To use custom templates:
```powershell
python scripts/analyze_template.py path/to/custom.pptx
```
## Error Handling
- **Retry Policy**: Max 3 attempts per phase
- **Escalation**: After 3 failures → human intervention
- **Recovery**: `scripts/resume_workflow.py` to resume from specific phase
## Advanced Features
### Diagram Generation (pptxgenjs)
```javascript
// Create architecture diagrams with shapes and arrows
node scripts/create_pptx.js
```
### Slide Merging
```powershell
# Merge diagram slides into template
python scripts/merge_slides.py template.pptx diagrams.pptx output.pptx
```
### Content Summarization
```powershell
# Reduce slide count with AI summarization
python scripts/summarize_content.py content.json --target-slides 15
```
## Agents
Detailed agent definitions in `references/agents/`:
| Agent | File | Purpose |
| ------------- | ------------------------ | ---------------------------------------------------- |
| Orchestrator | `orchestrator.agent.md` | Pipeline coordination, state management, retry logic |
| Brainstormer | `brainstormer.agent.md` | Interactive ideation → proposal.json |
| Localizer | `localizer.agent.md` | Translation (EN ↔ JA) |
| Summarizer | `summarizer.agent.md` | Content summarization, slide count reduction |
| JSON Reviewer | `json-reviewer.agent.md` | content.json quality assurance |
| PPTX Reviewer | `pptx-reviewer.agent.md` | Final PPTX quality assurance |
## References
Detailed documentation in `references/`:
- **SCRIPTS.md**: Complete script reference and usage examples
- **USE_CASES.md**: Detailed workflows for common scenarios
- **Agents**: `references/agents/*.agent.md` - Agent definitions
- **Instructions**: `references/instructions/*.instructions.md` - Workflow rules
- **Schemas**: `references/schemas/*.schema.json` - JSON schemas
- **AGENTS.md**: Architecture overview and design principles
## Common Use Cases
- **Tech Blog → PPTX**: Convert Zenn/Qiita articles to presentations (15-20 slides, ~5 min)
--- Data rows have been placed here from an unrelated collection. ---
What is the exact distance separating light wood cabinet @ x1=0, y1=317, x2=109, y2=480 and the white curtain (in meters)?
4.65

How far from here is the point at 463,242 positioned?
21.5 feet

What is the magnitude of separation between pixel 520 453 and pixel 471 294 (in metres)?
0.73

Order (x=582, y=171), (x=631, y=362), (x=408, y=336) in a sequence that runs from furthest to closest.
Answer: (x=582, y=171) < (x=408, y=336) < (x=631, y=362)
- **English → Japanese**: Translate presentations maintaining design (~15 min for 120 slides)
- **Report Generation**: Create business reports from notes + charts (~10 min)
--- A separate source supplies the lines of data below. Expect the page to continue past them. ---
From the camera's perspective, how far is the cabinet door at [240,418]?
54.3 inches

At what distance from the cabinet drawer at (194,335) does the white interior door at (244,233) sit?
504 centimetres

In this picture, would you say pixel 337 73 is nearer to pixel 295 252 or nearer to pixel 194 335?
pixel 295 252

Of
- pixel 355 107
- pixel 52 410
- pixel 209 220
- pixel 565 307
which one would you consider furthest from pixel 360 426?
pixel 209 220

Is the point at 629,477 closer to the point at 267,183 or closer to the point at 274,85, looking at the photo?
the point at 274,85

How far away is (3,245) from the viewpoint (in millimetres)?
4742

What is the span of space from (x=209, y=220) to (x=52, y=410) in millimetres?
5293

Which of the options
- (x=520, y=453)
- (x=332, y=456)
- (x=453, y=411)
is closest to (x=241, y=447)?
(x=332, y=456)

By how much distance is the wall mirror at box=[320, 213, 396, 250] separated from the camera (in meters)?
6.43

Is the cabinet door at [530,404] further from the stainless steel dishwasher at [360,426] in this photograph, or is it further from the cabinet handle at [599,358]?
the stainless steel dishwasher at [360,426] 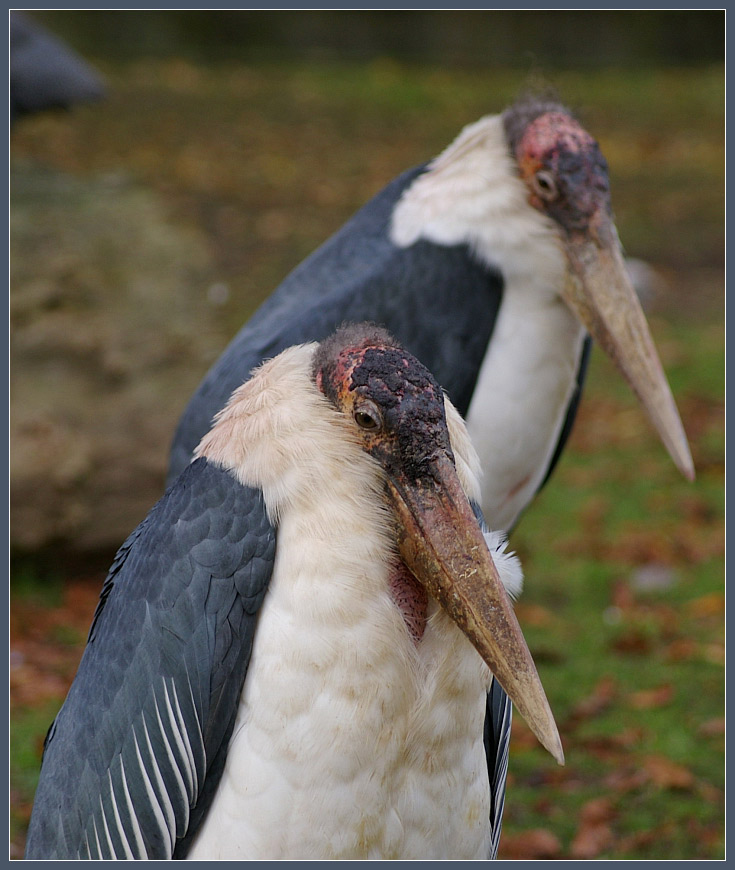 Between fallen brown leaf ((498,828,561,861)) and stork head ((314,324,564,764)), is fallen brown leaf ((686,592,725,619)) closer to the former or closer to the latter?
fallen brown leaf ((498,828,561,861))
- **Technical Training**: Convert API docs to training material with code examples (~8 min)
- **Architecture Diagrams**: Generate custom diagrams and merge into templates (~5 min)
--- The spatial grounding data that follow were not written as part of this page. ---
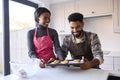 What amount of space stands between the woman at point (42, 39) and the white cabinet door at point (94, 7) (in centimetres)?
201

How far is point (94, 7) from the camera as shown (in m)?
3.38

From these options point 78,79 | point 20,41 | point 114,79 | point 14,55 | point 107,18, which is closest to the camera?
point 78,79

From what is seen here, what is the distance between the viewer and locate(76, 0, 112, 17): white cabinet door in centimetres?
326

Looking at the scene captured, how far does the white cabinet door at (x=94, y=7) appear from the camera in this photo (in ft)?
10.7

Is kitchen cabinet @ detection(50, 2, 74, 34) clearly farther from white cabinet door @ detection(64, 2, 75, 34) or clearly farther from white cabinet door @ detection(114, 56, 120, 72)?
white cabinet door @ detection(114, 56, 120, 72)

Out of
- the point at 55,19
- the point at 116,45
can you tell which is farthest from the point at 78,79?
the point at 55,19

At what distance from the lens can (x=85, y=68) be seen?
3.99 feet

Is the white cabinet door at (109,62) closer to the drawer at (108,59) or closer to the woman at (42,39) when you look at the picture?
the drawer at (108,59)

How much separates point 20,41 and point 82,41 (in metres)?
Answer: 2.09

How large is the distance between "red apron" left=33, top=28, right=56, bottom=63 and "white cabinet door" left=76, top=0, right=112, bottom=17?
2.06m

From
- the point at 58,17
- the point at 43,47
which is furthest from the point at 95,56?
the point at 58,17

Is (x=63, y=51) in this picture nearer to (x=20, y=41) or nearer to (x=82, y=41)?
(x=82, y=41)

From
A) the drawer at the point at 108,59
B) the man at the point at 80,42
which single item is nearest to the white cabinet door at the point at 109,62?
the drawer at the point at 108,59

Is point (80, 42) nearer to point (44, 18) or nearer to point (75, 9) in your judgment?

See `references/USE_CASES.md` for detailed workflows and examples.
## Limitations
- **Language Support**: Primarily English ↔ Japanese (extendable)
- **Image Formats**: PNG, JPG, JPEG (no SVG/GIF animation)
- **Code Blocks**: Best with pptxgenjs method
- **Template Compatibility**: Works with standard PowerPoint templates (16:9 recommended)
## Troubleshooting
Common issues documented in repository's `docs/TROUBLESHOOTING.md`.
**Quick checks:**
```powershell
# Validate content.json
python scripts/validate_content.py output_manifest/xxx_content.json
# Diagnose template
python scripts/diagnose_template.py templates/xxx.pptx
# Check PPTX quality
python scripts/validate_pptx.py output_ppt/xxx.pptx
```
## License
This skill is licensed under CC BY-NC-SA 4.0. See LICENSE.txt for full terms.
---
**Note**: This skill orchestrates a complex multi-agent pipeline. For best results, follow the PLAN phase confirmation process and use the Orchestrator agent as the entry point.